■ What you will do ■
Retype the listing exactly. Leave out the images.

■ Dataset content ■
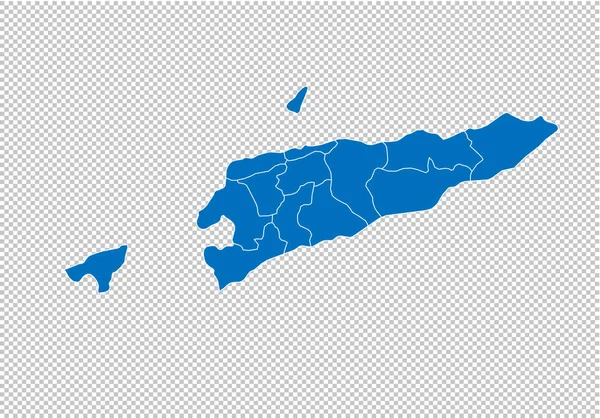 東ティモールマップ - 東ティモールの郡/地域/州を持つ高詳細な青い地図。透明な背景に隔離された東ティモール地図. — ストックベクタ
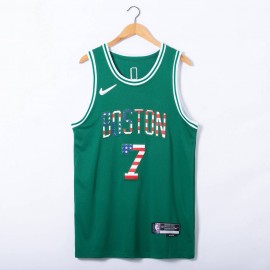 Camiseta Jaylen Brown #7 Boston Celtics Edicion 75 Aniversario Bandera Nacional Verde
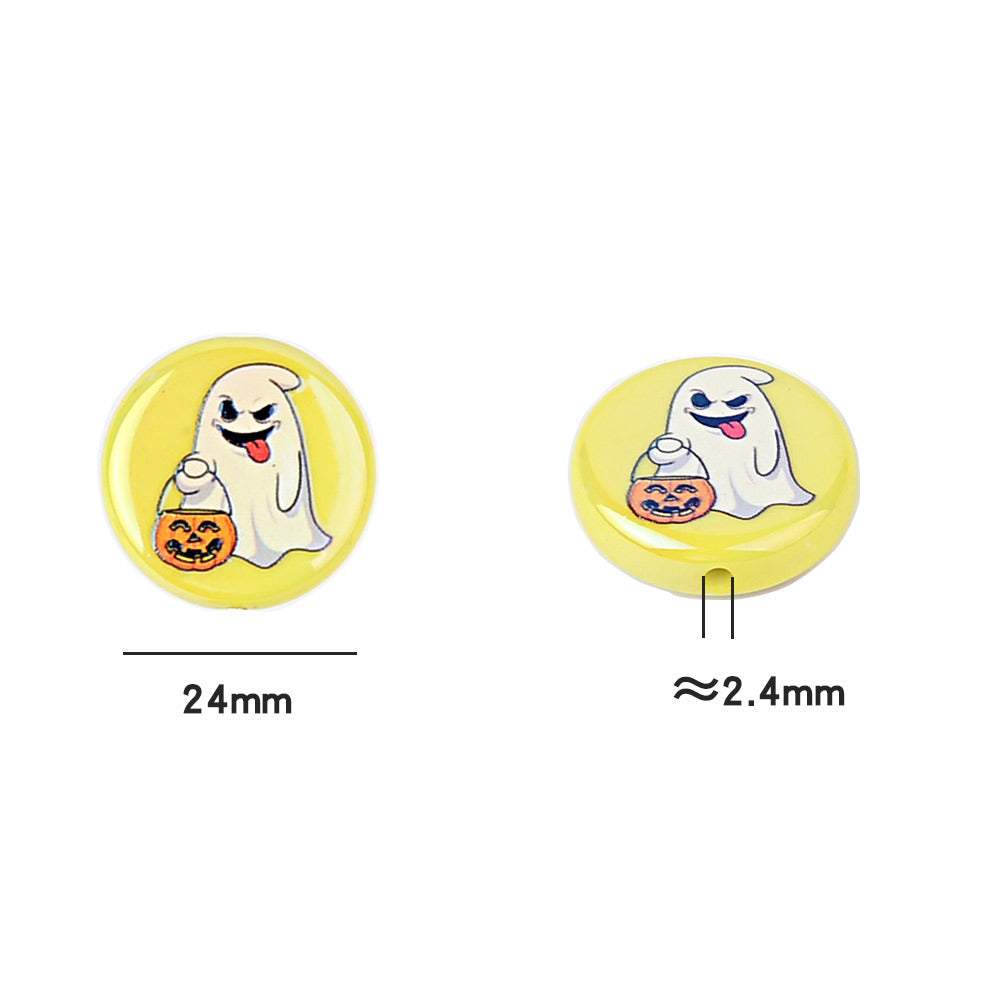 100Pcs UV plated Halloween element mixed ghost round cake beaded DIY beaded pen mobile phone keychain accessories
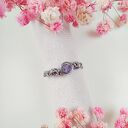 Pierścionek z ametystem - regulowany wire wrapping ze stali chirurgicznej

■ Problem solution ■
 東ティモールマップ - 東ティモールの郡/地域/州を持つ高詳細な青い地図。透明な背景に隔離された東ティモール地図. — ストックベクタ
 Camiseta Jaylen Brown #7 Boston Celtics Edicion 75 Aniversario Bandera Nacional Verde
 100Pcs UV plated Halloween element mixed ghost round cake beaded DIY beaded pen mobile phone keychain accessories
 Pierścionek z ametystem - regulowany wire wrapping ze stali chirurgicznej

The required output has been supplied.